» Action item:
Starting at the line containing "You're not limited" and ending at the line containing "In other words, this", transcribe the listing below exactly. Keep both end lines, skip the pictures, and copy nothing else.

** Opening Material provided block **

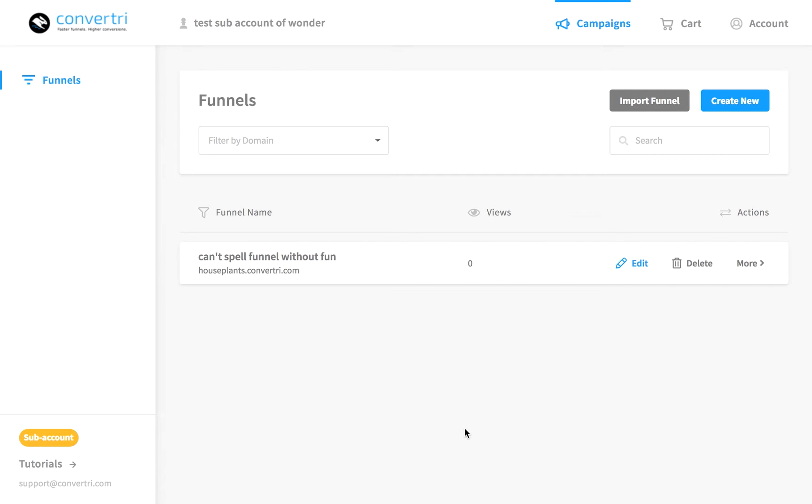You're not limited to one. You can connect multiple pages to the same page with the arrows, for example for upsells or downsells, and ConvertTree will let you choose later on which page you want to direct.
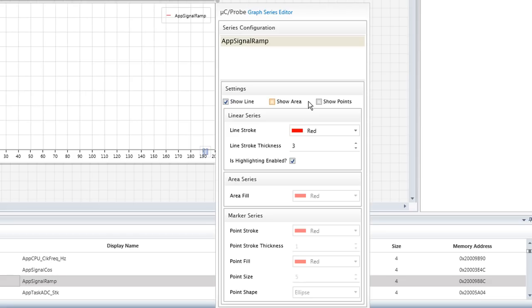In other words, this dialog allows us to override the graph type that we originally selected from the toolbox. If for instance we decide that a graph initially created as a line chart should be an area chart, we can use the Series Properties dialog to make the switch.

** Closing Material provided block **
** Opening Material provided block **

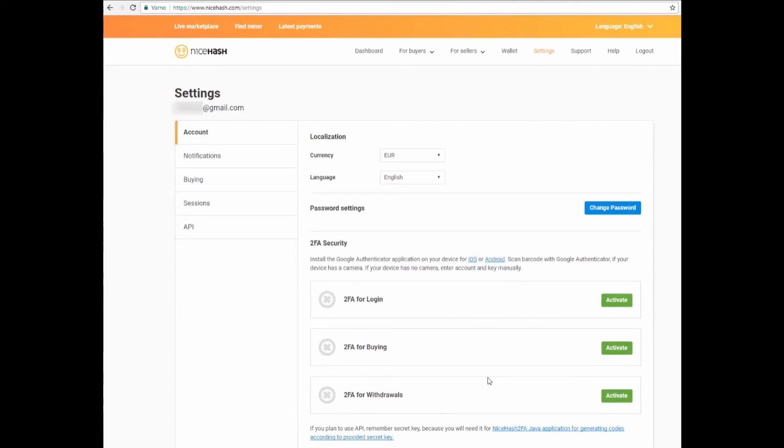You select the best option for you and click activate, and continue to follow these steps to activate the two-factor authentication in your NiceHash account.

** Closing Material provided block **

» Exercise answer:
You're not limited to one. You can connect multiple pages to the same page with the arrows, for example for upsells or downsells, and ConvertTree will let you choose later on which page you want to direct.
In other words, this dialog allows us to override the graph type that we originally selected from the toolbox. If for instance we decide that a graph initially created as a line chart should be an area chart, we can use the Series Properties dialog to make the switch.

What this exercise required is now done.